As it turned out, that approach wouldn’t work for most of the pro road teams; Zwift is as much video game as bike race, and you have to know the game to win. As you might predict for an event expected to last under an hour, the pace at the start was infernal. The main pack promptly got cut almost in half in the first eight minutes, as a number of IRL pros got dropped. Cofidis’s contingent was down to just a single rider, Damien TouzĂ©. (Did I mention they haven’t actually won a Tour stage in over a decade?) I found myself wondering how Nacer Bouhanni might throw a punch in Zwift.

The on-screen action was dizzying. The busy screen centered on a rapidly shifting array of virtual camera angles of the pack of avatars, screen margins bejeweled with all manner of stats and telemetry. I found myself fascinated by watching the power and heart-rate data of specific riders and ignoring the leaderboard, an incoherent mess of rider names popping up and disappearing in the pack’s natural churn.

Every now and then, a giant, translucent blue hand with an upraised thumb would float into the picture and hover over a rider like some kind of Mario Bros-style Facebook sponsor activation. The disembodied hand is a Ride On, the Zwift version of a like that logged-in spectators could bestow on a rider.

“Possible revenue stream,” I wrote in my notes. “Let spectators purchase first-person shooter capability to shoot down Ride Ons.”

Now and then, the coverage would pop out of Watopia back to meatspace, which made for a jarring shift. Even with 55 riders on course, as the IRL cameras panned over the scene in the London shop, it was just the four Wiggins guys staring into the middle distance, grimacing during their motionless exercise even as, in the game, their avatars rode casually by an erupting volcano shooting red-hot rocks into the sky.

Or we’d get a studio shot of Greg Leo and Nathan Guerra, the race commentators and, to me, the unsung stars of the whole affair. Leo, an assistant professor of economics at Vanderbilt with a specialty in game theory and a committed Zwift enthusiast, excels at explaining the little tactical nuances of virtual racing. Better, his low-key delivery was a perfect foil for Guerra’s, uh, more boisterous, style. Sample:

“Who’s gonna come out of the woodwork here? Not of pro racing, but the woodwork of Zwift racing!”

I don’t know what that means; I just kept hoping Guerra would go full Pepper Brooks: “Welcome to Ouchtown! Population: you, bro!”

Meanwhile, the online action was starting to get spicy. Zwift’s broadcast strategy right now is to basically hit any channel people might watch: Facebook Live, YouTube, Twitch, whatever. Zwift representatives said they logged a total of 17,000 unique viewers across all platforms, and as the race approached the pivotal volcano climb, the YouTube stream I was watching peaked at around 2,600 viewers.
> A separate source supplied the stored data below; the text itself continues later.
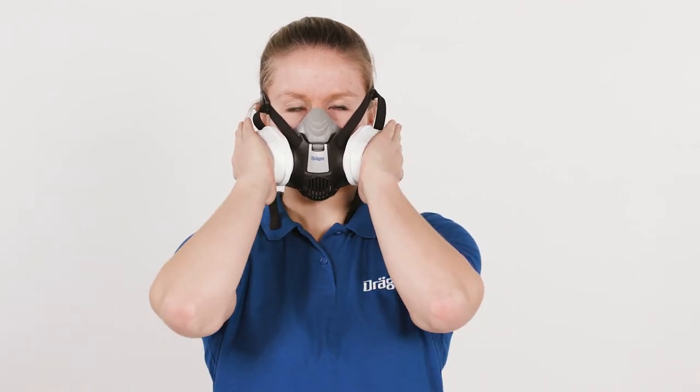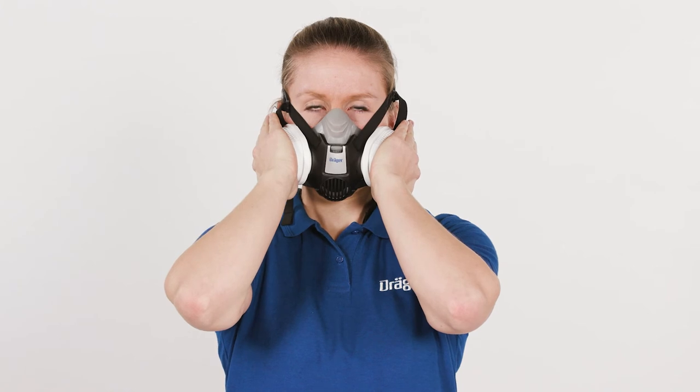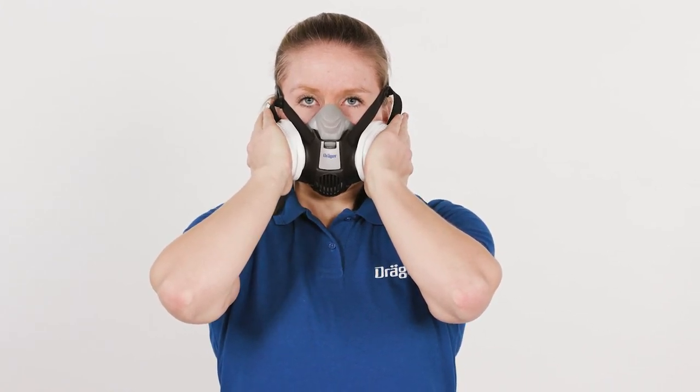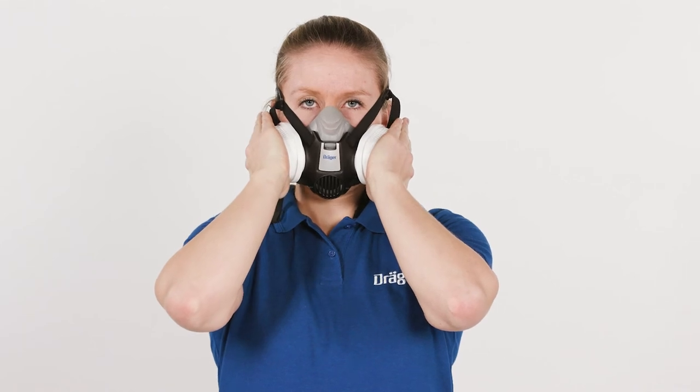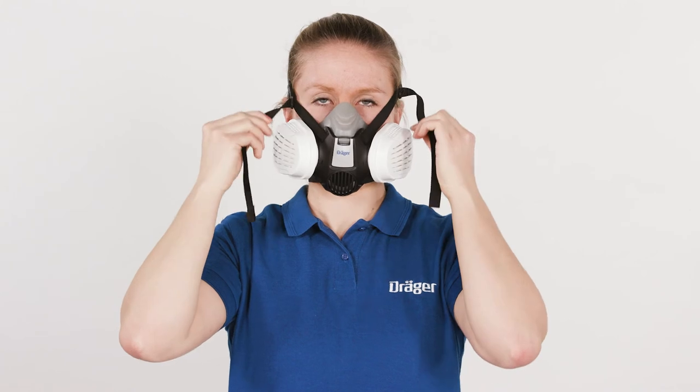Before use, you need to perform a leak test. For the negative pressure test, seal both respiratory filters with your hand or an aid — for example, a piece of cardboard — and breathe in until a negative pressure is created. Hold your breath for a moment. The negative pressure should be maintained. If not, adjust the harness.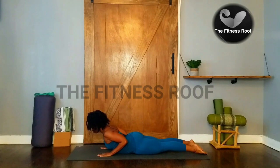Keep the neck long and in line with the spine. Hold the pose for five slow breaths. One. Two. Three. Four. Five.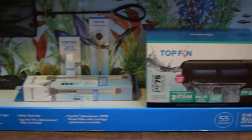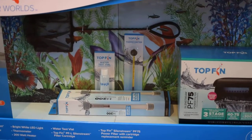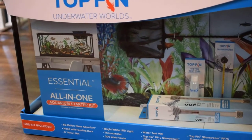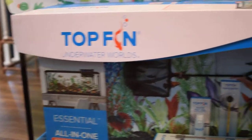It comes with the filter, a heater, a test tube, a thermometer, a net. It has the light and then of course the aquarium itself.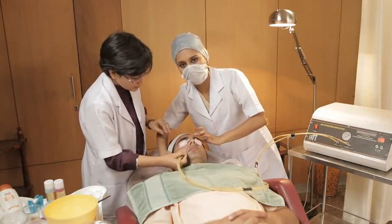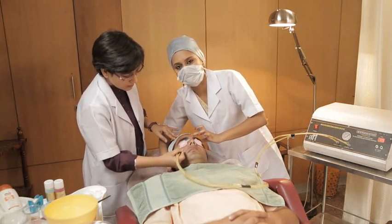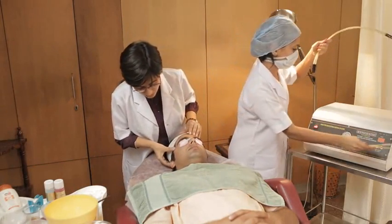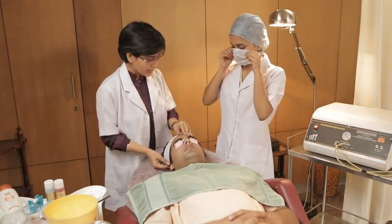This procedure is done for the whole face in sections, moving in an anti-clockwise direction. Mr. Arun, your treatment is now done. Kavitha, clean the face and as always check for dry patches or irritation.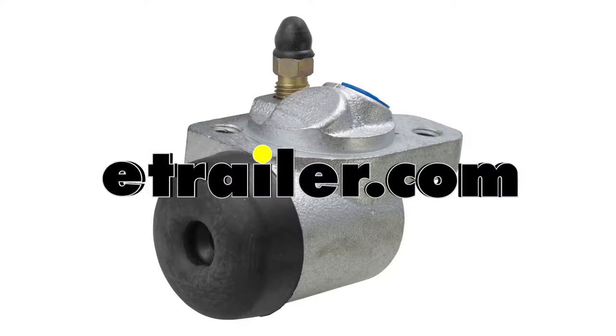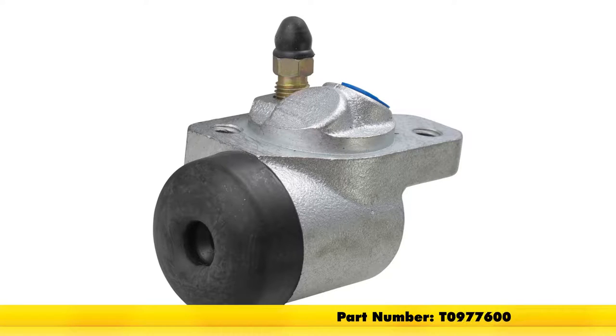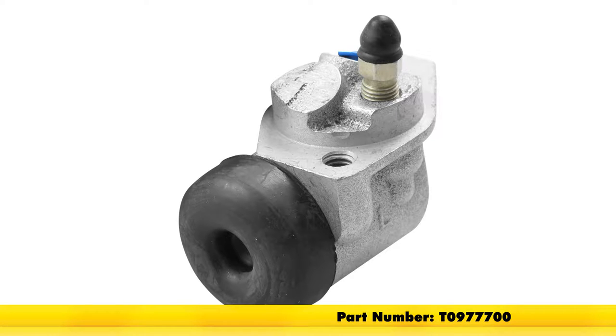Today we're going to be taking a look at and showing you how to replace the Uniservo wheel cylinder for 10 inch, 12 inch, and 13 inch Titan brake assemblies. For the right hand side, part number T0977600. This also comes in the left handed side, part number T0977700.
On the climb, the pace kicked up even higher, and Ian Bibby of the Madison Genesis team launched a perfectly timed attack using something called an Aero PowerUp for the win. But despite the obvious intensity of the racing (the average speed was almost 30 miles per hour), the online action felt airless to me. You can certainly chalk some of that up to the fact this is a brand-new format; future rounds will doubtless see improvements and IRL pros will learn more of the nuances of virtual racing. But some hurdles will be harder to surmount. Bike handling plays zero role in virtual racing, for one. Avatars don’t grimace with the effort. And once the race was done, it seemed as though no one quite knew what to do.

The screen view settled on Bibby’s avatar, motionless on the road. There were a few pro forma interviews with the Wiggins guys, but no podium ceremony, no sweeping helicopter shots of a finish town, and no interview with the winner, Bibby. Like 50 other racers in the event, he wasn’t at the bike shop HQ and had raced remotely on a smart trainer from somewhere with broadband Internet. I pictured him in his apartment, toweling off a sweaty face, with perhaps only a housecat to learn how it felt to be the winner of pro cycling’s first-ever virtual race.